Wolfgang Kaleck: Ich finde, man schenkt Otto Depenheuer zu viel Beachtung. Es ist natürlich wichtig, darauf hinzuweisen, dass es nicht nur einzelne Polizeipräsidenten sind, die das absolute Folterverbot in Frage stellen. Auch in der Rechtswissenschaft tauchen immer mehr Positionen auf, die in Ausnahmesituationen eine Anfechtung der Menschenwürde für möglich halten. Insbesondere gab es in Deutschland eine Diskussion um die Thesen des emeritierten Bonner Strafrechtswissenschaftlers Günther Jakobs, der zwei Kategorien von Strafrecht schaffen will: einerseits das so genannte „Bürgerstrafrecht“, andererseits ein so genanntes „Feindstrafrecht“ für diejenigen, die durch das normale Recht nicht mehr „erziehbar“ und „ansprechbar“ sind. Solche Positionen werden aber im Moment noch von der absoluten Mehrheit der Strafrechtler zurückgewiesen.

In einer Rede vom 1. November sagte Wolfgang Schäuble: „Beispielsweise entspricht die strikte Trennung zwischen Völkerrecht im Frieden und Völkerrecht im Krieg den neuen Bedrohungen nicht mehr. Und auch die Einordnung von Terroristen in das System des humanitären Völkerrechts, das von der Unterscheidung zwischen Kombattanten und Nicht–Kombattanten ausgeht, bereitet Schwierigkeiten.“

Wolfgang Kaleck: Mit solchen Äußerungen schließt sich Schäuble an die Haltung der Bush–Administration an: Bestimmte Menschen sollen dem Schutz der allgemeinen Menschenrechte entzogen werden und stattdessen nur dem humanitären Völkerrecht unterworfen werden. Das ist etwas „nachgiebiger“, denn in ihm sind Tötungen gerade von Kombattanten nicht prinzipiell verboten. Es geht um Verhältnismäßigkeiten, man darf nicht zu viele Zivilisten töten. Entscheidend ist, dass Schäubles Projekt weder mit der deutschen Verfassung, noch mit dem Völkerrecht in Einklang zu bringen ist.
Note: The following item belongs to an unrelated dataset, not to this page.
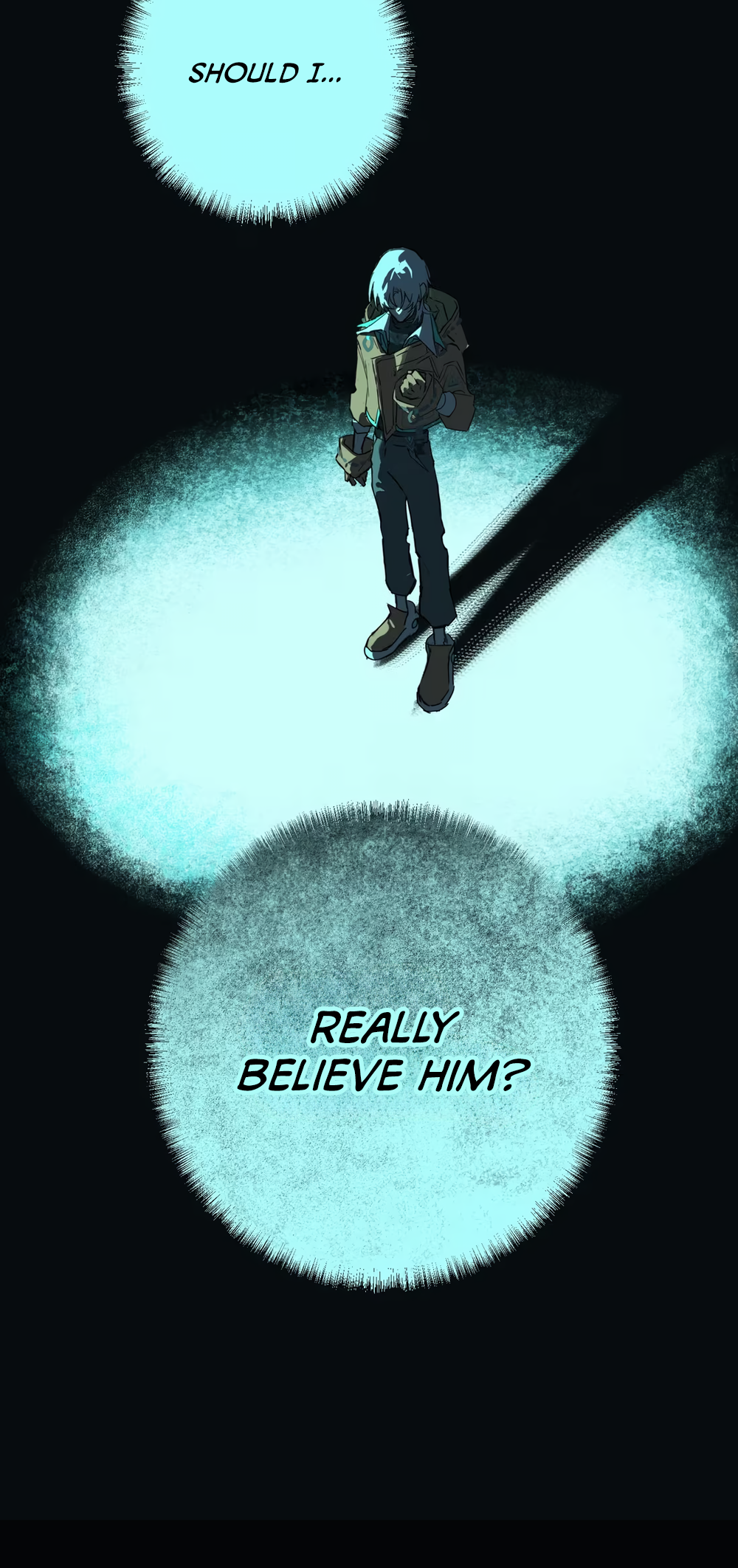 Buried Injustice Chapter 18 page 29 -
Die rot-grüne Bundesregierung hat versucht, den Abschuss von zivilen Luftfahrzeugen unter bestimmten Umständen zuzulassen. Das Verfassungsgericht hat dem in seinem Urteil 2006 eine klare Absage erteilt. Schäuble möchte nun diese klare und völlig eindeutige Rechtslage umgehen, indem er sagt, in solchen Fällen solle humanitäres Völkerrecht gelten. Aber es geht ihm ohnehin weniger darum, diese konkreten Projekte durchsetzen, sondern er will ein Klima schaffen, in dem die Bevölkerung bestimmte Maßnahmen der inneren Sicherheit duldet. Generell soll die der Effizienzgedanke über die geltenden Verfahrensregeln und die Menschenrechte gestellt werden.

Wer nach jedem Schäuble-Interview eine aufgeregte Textauslegung betreibt, begeht einen Fehler. Seit Jahren verschieben sich im Bereich der inneren Sicherheit die Gewichte, im Polizeirecht zu Lasten der Betroffenen, im Strafrecht zu Lasten der Beschuldigten. Angesichts dessen bringt es überhaupt nichts, immer wieder solche Äußerungen zum Skandal zu erklären.